Whatever your experience with family, painful or not, we all have a better family we belong to. Jesus is building his church out of people who are learning to live in the love of his Father, so they can share it freely with others. You’ll notice it taking shape around you when you meet people who don’t hold expectations for you or seek to manipulate you to their own ends. They love others as freely as they have been loved by God, and look to share their lives in helping care for others around them. If you don’t know people like that, let God make you a person like that. Only those extravagantly loved can love with extravagance. Learn to live in that reality and you won’t need to use others to meet your own needs. Then we can uncover the glorious treasure that other people are around us, even at their most broken, and find ourselves in a family as full of care, love and joy as the most healthy family on the planet.

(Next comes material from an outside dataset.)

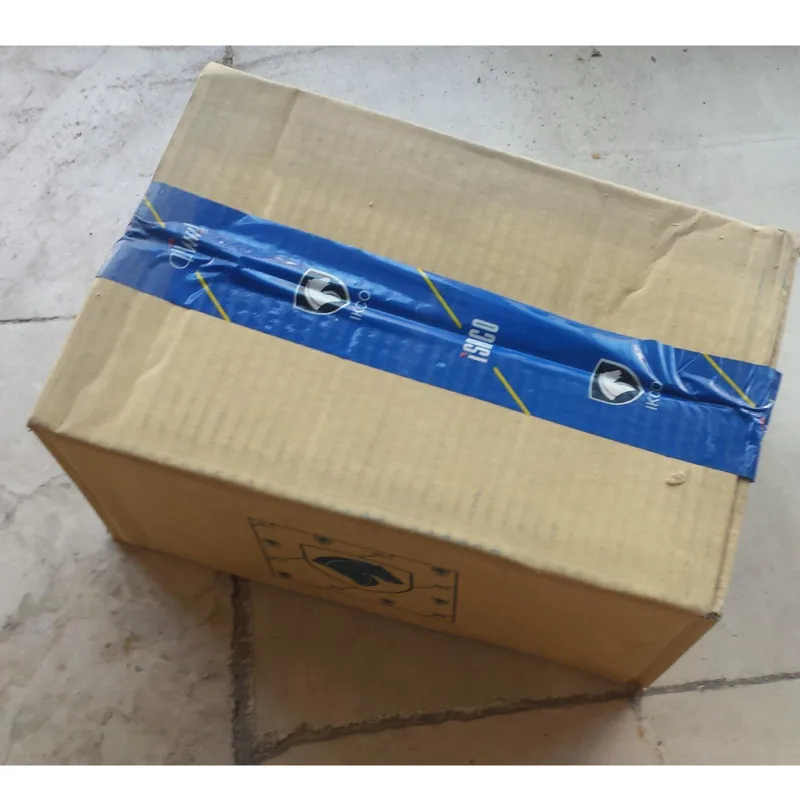 مجموعه کمربند ایمنی عقب پژو 405 مشکی - ایساکو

And if you have family life like that, keep an eye out for others who could benefit being involved with yours and invite them to join you. There is no greater environment to discover God’s love and for people to relax into his life than a family that knows how to love, laugh, and celebrate God’a life together.
Some other notes of interest:
This coming Thursday, August 18, Sara and I will be gathering with brothers and sisters just down the mountain where we’ve been staying. We’ll meet at a private home in Clovis, CA. If you want details you can get them from our travel page. Just email Amy to RSVP and get details for location. We would love to have you join us.
Also, I was recently interviewed for The Love Cast, a podcast hosted by a friend of mine, Jamal Jivanjee, who has an interesting journey of his own paying quite a price to help encourage the church Jesus is building in the world. We talked about my journey of learning to live loved. Our conversation is Episode 8. We finish the conversation in a second part that will appear next week as Episode 9.
1 thought on “Of Course It Would Be a Family”
Thank you a million times over for your comments about what a loving and loved family looks like! I have just spent the day with my children, grandchildren and a great grandchild. We have previously experienced trauma, loss, anger, revenge, and brokeness, but today I was observing a very loved and loving family that outdid one another in kindness and helpfulness and sensitivity. Wayne, you have been an integral part of the healing that we have observed. Thank you!
We are redeemed and will continue to grown in His love!